[INSTRUCTIONS FOR THE TASK]
Your job is to retype all of the data word for word, leaving every image out.

[STORED DATA]
---
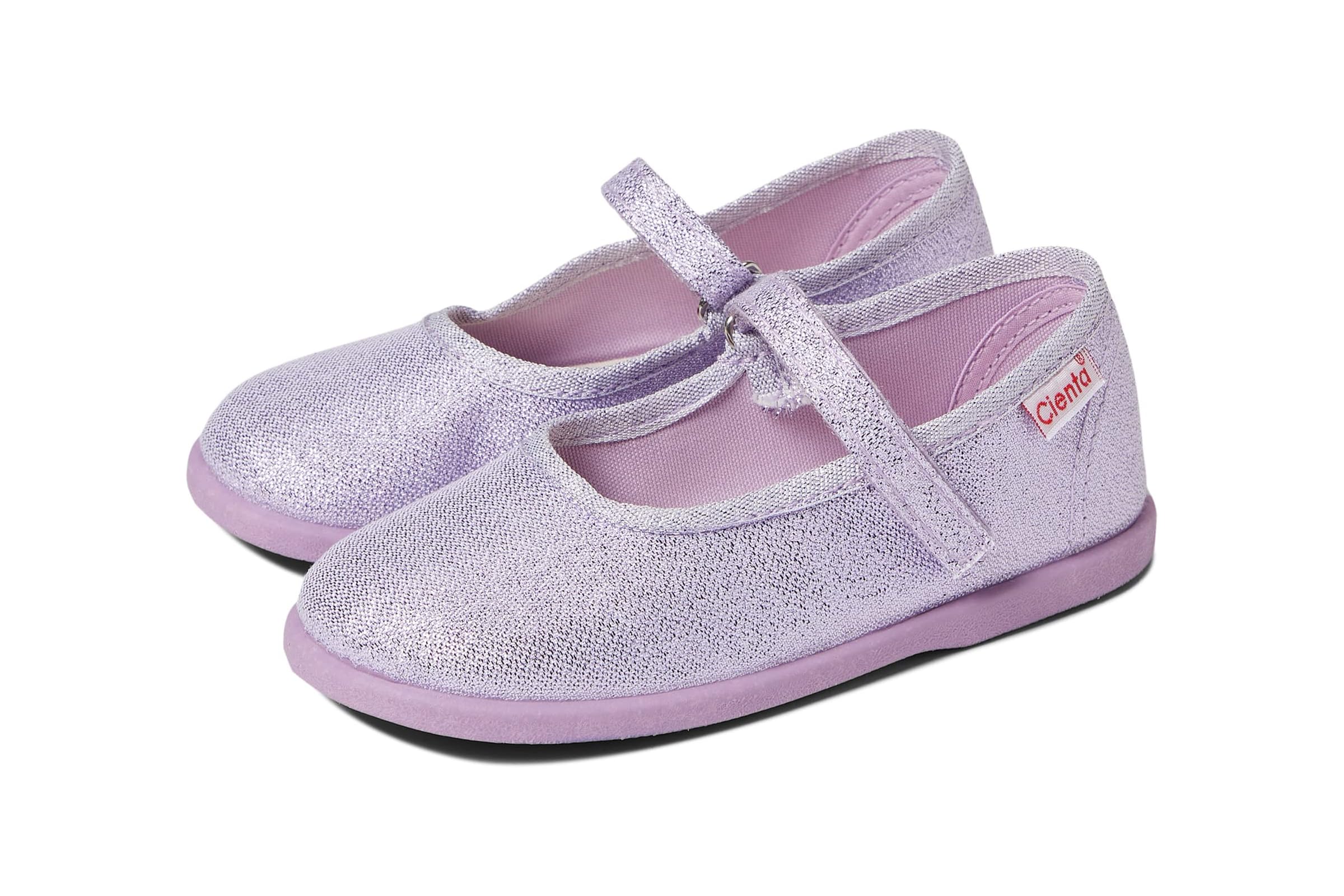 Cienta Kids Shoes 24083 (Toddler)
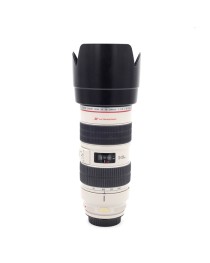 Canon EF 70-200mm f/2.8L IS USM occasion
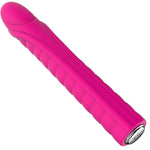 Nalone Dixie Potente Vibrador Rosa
---
[EXERCISE SOLUTION]
 Cienta Kids Shoes 24083 (Toddler)
 Canon EF 70-200mm f/2.8L IS USM occasion
 Nalone Dixie Potente Vibrador Rosa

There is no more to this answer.